• [Try it]:
Leave the pictures out. Return the rest of the listing below exactly.

• [Dataset excerpt]:
————————

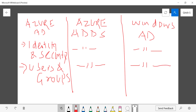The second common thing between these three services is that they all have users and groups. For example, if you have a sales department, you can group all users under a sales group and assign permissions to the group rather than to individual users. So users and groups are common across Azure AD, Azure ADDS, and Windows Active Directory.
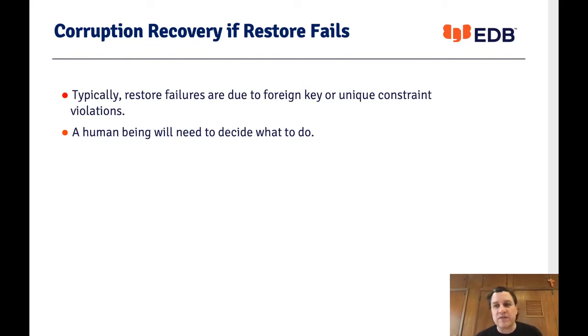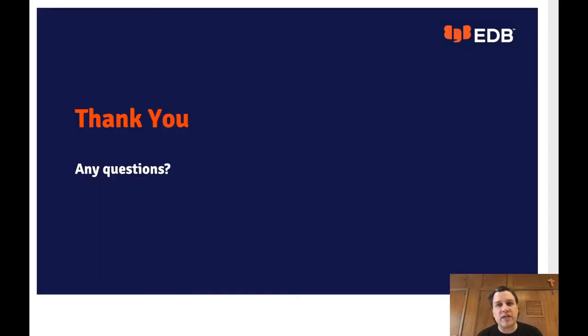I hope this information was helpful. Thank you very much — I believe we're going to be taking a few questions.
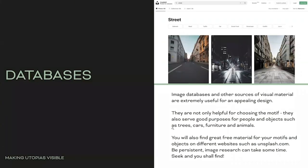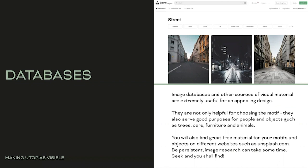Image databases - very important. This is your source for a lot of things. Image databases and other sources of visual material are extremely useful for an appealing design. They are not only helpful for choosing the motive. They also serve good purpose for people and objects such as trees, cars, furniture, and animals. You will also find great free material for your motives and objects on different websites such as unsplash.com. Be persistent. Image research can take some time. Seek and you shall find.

————————

• [Your solution]:
The second common thing between these three services is that they all have users and groups. For example, if you have a sales department, you can group all users under a sales group and assign permissions to the group rather than to individual users. So users and groups are common across Azure AD, Azure ADDS, and Windows Active Directory.
I hope this information was helpful. Thank you very much — I believe we're going to be taking a few questions.
Image databases - very important. This is your source for a lot of things. Image databases and other sources of visual material are extremely useful for an appealing design. They are not only helpful for choosing the motive. They also serve good purpose for people and objects such as trees, cars, furniture, and animals. You will also find great free material for your motives and objects on different websites such as unsplash.com. Be persistent. Image research can take some time. Seek and you shall find.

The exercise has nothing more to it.